Barrett played in a way no first-five ever had. Not even the free-spirited Barry John or Mark Ella had the same propensity to rely so exclusively on their speed, agility and vision.
The All Blacks that year were averaging 43 points a game – and that was against heavyweights such as South Africa, Australia, Wales and France.
What we saw was a play-maker who believed in the impossible – rugby without restraint or pre-conception and it was no wonder the rest of the world reached the end of that year and decided to give up creating any kind of attack game and instead focus exclusively on building defensive walls.
The global backlash to Barrett's brilliance was severe. By 2019, every team bar New Zealand and Japan turned up at the World Cup with precisely no desire to play with the ball.
The international game was largely dominated by coaches whose only thought was to stop players like Barrett having any room or any time to do anything.
It was effective, but it was also a little heart-breaking to see the blunts dominant the game, while the sharps stood around, lost and virtually redundant.
But the last few weeks of Super Rugby have hinted that a new era may be soon upon us.
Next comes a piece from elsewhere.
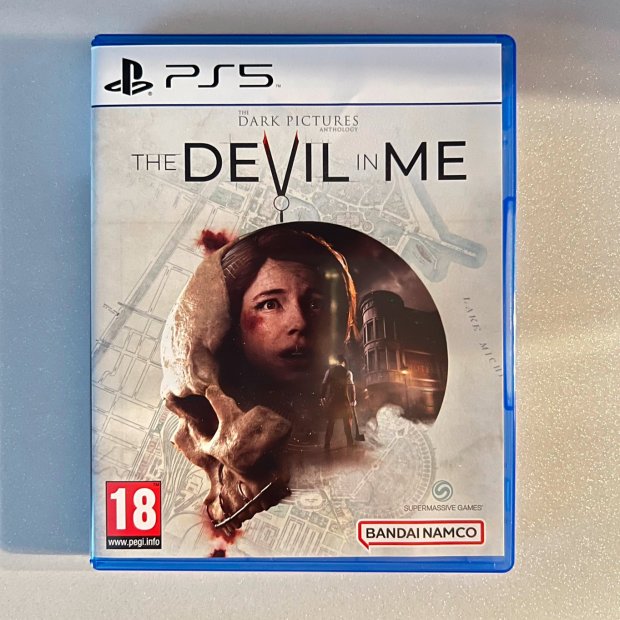 The Dark Pictures Anthology: The Devil in Me PS5 Game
The clock could be rolled back and we may be witnessing the second coming of Barrett whose old magic has been visible again.
He's rediscovered that ability to assess in a microsecond where a defensive line may be weak and there is not a hint of his legs having lost any of their speed or acceleration and whatever the All Blacks may be thinking about in regard to their tactical approach to 2022, maybe they don't need to do much more than get the ball into Barrett's hands and leave it at that.
Such a simple brief has worked before and it can work again. The Blues are proving that.
Their rugby is not loose or wild, but it does appear to be largely instinctive. They don't appear to be trying to force Barrett into following a rigid blueprint or forcing him to conform to set rules about when to kick, when to run and when to pass and by trusting him, not over coaching him, the Blues attack game is flowing.
Arguably such freedom would be dangerous in the hands of any other No 10, but Barrett, as he's reminding everyone, is not any other No 10.